O Livre e Joacine Katar Moreira estão, por isso, perante um problema de difícil resolução. Em circunstâncias normais, o partido não teria outra solução que não fosse retirar a confiança política à sua deputada. Mais do que isso, depois das afirmações públicas que fez, se fosse coerente, Joacine Katar Moreira devia sair do partido pelo próprio pé e acabar de vez com este embaraço público. Mas nada disto é simples. O Livre lutou muito para chegar ao Parlamento e para conseguir a respetiva subvenção estatal. Perder a única deputada, menos de dois meses depois de ter sido eleita, era pior que morrer na praia. Seria afogar-se na areia. Joacine Katar Moreira podia até aguentar a legislatura como deputada independente, mas ficaria, seguramente, ainda mais debilitada, quer na sua imagem pública, quer politicamente.

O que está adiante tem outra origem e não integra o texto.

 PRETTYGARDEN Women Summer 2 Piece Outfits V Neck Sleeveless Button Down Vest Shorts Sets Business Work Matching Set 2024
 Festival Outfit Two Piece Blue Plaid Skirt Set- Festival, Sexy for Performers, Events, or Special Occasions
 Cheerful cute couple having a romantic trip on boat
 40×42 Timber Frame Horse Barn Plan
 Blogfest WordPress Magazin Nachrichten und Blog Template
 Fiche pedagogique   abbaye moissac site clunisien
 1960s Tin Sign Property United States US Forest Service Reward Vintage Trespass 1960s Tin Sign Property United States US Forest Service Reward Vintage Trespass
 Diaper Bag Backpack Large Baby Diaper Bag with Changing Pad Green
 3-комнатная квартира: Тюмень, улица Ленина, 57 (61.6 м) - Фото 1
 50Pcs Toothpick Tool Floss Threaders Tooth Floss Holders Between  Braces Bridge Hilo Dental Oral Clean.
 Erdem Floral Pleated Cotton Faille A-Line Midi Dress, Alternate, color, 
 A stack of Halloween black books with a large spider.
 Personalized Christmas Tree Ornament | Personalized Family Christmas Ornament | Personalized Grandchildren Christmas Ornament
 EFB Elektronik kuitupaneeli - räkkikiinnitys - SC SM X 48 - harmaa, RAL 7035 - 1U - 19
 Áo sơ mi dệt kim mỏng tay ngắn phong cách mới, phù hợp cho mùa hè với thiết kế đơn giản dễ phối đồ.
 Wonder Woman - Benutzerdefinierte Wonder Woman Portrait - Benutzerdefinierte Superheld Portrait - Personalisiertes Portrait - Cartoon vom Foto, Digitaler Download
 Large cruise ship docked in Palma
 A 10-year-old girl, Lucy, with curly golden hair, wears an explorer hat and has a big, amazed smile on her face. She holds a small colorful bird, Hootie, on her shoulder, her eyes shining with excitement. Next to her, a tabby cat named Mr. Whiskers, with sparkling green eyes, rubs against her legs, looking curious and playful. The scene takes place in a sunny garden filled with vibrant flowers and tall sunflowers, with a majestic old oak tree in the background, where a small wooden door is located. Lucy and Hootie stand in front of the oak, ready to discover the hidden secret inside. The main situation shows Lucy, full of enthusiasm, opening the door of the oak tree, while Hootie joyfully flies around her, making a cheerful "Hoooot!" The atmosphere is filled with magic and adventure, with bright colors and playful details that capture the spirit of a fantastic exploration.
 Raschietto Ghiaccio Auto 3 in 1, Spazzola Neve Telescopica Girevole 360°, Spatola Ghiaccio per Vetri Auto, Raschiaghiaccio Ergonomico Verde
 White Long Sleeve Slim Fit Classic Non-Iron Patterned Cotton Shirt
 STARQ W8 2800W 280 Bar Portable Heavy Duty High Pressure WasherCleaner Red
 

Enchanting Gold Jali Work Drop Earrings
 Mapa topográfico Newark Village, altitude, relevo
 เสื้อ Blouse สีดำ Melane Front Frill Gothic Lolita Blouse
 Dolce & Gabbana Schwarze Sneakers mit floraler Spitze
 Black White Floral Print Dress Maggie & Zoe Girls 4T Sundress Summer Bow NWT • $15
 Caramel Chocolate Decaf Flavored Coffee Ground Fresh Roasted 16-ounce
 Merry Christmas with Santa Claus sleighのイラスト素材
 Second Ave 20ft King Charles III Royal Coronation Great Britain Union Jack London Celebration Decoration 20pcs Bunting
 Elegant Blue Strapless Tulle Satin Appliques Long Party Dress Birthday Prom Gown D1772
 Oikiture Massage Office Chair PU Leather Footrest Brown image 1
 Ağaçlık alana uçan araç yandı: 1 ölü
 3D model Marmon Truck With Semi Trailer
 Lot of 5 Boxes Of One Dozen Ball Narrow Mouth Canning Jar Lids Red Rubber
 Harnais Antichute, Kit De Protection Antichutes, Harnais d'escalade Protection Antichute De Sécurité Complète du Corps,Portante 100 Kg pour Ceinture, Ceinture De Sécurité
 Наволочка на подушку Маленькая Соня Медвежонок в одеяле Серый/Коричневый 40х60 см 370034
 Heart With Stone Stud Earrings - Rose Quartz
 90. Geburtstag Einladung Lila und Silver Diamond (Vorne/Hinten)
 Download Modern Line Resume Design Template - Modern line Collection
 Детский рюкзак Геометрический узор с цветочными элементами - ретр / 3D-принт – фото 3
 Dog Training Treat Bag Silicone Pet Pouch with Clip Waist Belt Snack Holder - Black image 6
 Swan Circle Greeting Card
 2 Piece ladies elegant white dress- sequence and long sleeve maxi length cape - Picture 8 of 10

A humildade - que outros já recomendaram - é, talvez, a única saída possível para a deputada, por muito que lhe custe recuar do beco sem saída em que se meteu. E sim, Joacine tem muito para aprender na política. Tem de aprender, por exemplo, a dar prioridade à mensagem, às ideias e ao debate, porque foi para isso que foi eleita. O problema é que o deslumbramento de Joacine Katar Moreira fê-la acreditar que ela vale mais que o partido que a elegeu. Ou, pior ainda, que ela é o seu próprio partido. É uma espécie de adaptação livre do "L'État, c'est moi", atribuída a Luís XIV, o que, convenhamos, para quem ainda não mostrou rigorosamente nada como deputada, é de uma arrogância sem limites.